According to a Deloitte survey, around 60% of Indian insurers observed a significant rise in fraud post-digitisation. This coincides with a more complex threat landscape, where traditional fraud detection is no longer enough.

To tackle the increasing cyber threat and to protect customer’s sensitive information, the government introduced the Digital Personal Data Protection Act (DPDPA), a progressive step to enhance transparency, accountability, and consumer trust. The Act encourages stronger internal controls and data governance aligned with digital innovation.

The high cost of complacency
Recent high-profile breaches across the industry, ranging from database leaks to social engineering attacks, demonstrate that insurance data, rich in KYC details, financial records, customer profile and health data, is among the most coveted by threat actors.

While technical vulnerabilities can be exploited, it is often lapses in operational oversight and delayed detection that cause the most damage. With customer trust on the line, insurers must consider breach readiness as fundamental as solvency.

Policyholders at risk
The threat doesn’t end at the enterprise level. Policyholders are being directly targeted through increasingly creative scams:
•    Spurious calls impersonating insurers or IRDAI officials
•    Fraudulent websites and mobile apps mimicking legitimate services
•    Misuse of leaked data for identity theft or bogus claims.

In this context, customer-facing security measures, such as secure self-service portals, proactive communication, and public awareness initiatives, are just as critical as internal firewalls. These measures serve a dual purpose: protecting customers from harm while also reinforcing the insurer’s credibility and commitment to safeguarding their data.

Data analytics: A silent sentinel for risk mitigation
A vital enabler in combating fraud and cyber risk is the strategic application of data analytics. Life insurers sit on vast repositories of structured and unstructured data, and with the right tools and governance, these datasets can uncover anomalies, predict risks, and personalise safeguards.

Data analytics has significantly enhanced performance across fraud detection, customer experience, product design, and distribution. With AI/ML layered on top, analytics can now detect deviations in behaviour patterns, automate red flags, and inform more intelligent underwriting in real time.
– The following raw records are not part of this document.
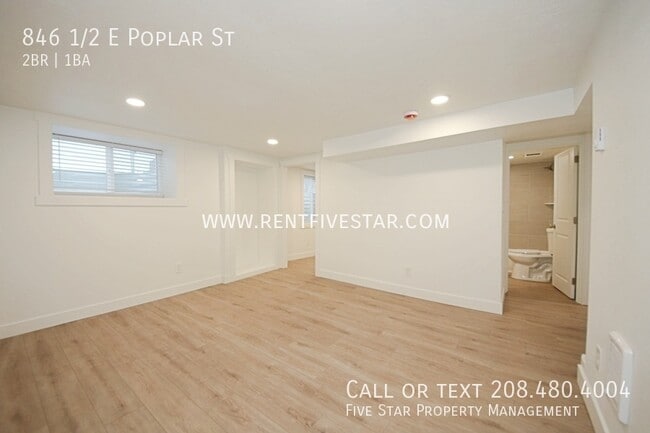 Photo - 846 1/2 E Poplar St-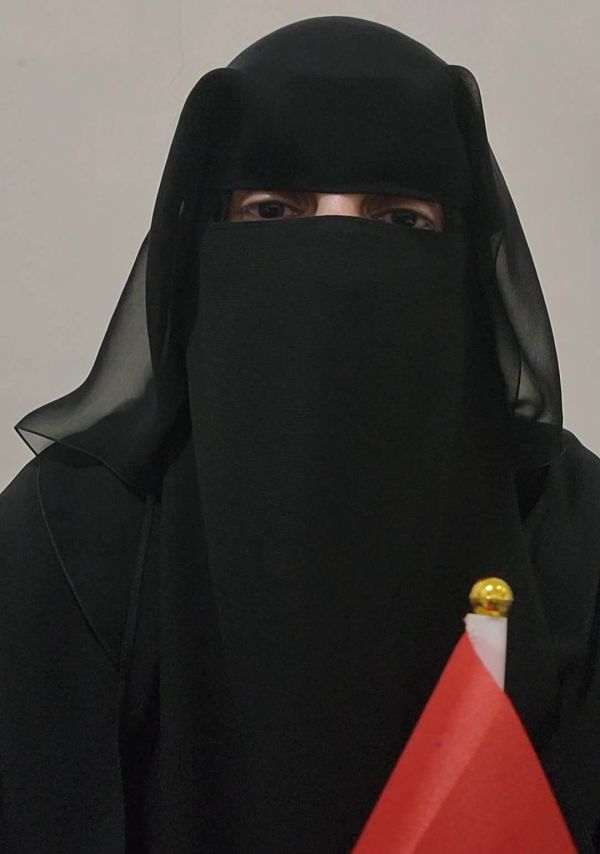 الناشطة "عواطف علي" تطالب بإيقاف الجرائم والانتهاكات الحوثية بحق النساء في صنعاء
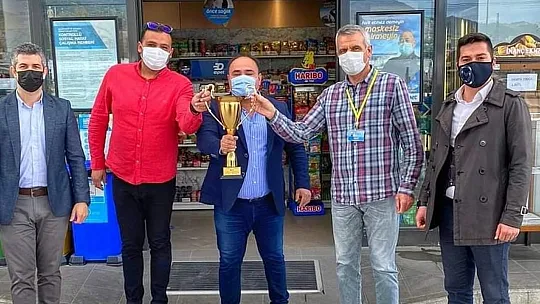 Akdenizli Petrol şampiyonluklarına bir yenisini ekledi 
Moreover, it also streamlines operations, eliminates redundancies, and strengthens channel oversight - especially vital across varied distribution models.

From compliance to capability: Building cyber resilience
The industry must adopt a layered defence strategy, one that includes technology, training, and testing. Recommended approaches include:
•    AI and behavioural analytics to detect fraud at the source
•    Biometric and liveness verification to counter deepfake-based identity fraud
•    Tabletop cyber drills and red team exercises to prepare teams for real-world threats.

Insurers must treat their workforce as the first line of defence. Regular training and awareness campaigns can significantly reduce phishing incidents and social engineering attacks. According to an IBM report, organisations with well-trained employees experienced nearly 19% lower average breach costs compared to those with limited training investment. In a high-risk digital environment, investing in cyber awareness is a cost-effective strategy that strengthens organisational resilience.

Looking ahead: A strategic imperative
As India’s insurance sector accelerates towards digital maturity and sophistication, the cyber threat landscape will only become more complex. Resilience must become a strategic differentiator -- encompassing risk identification, real-time response, and vigilance across the value chain.

Ultimately, a secure insurer is not just one that prevents attacks, but one that earns and sustains trust with every digital interaction.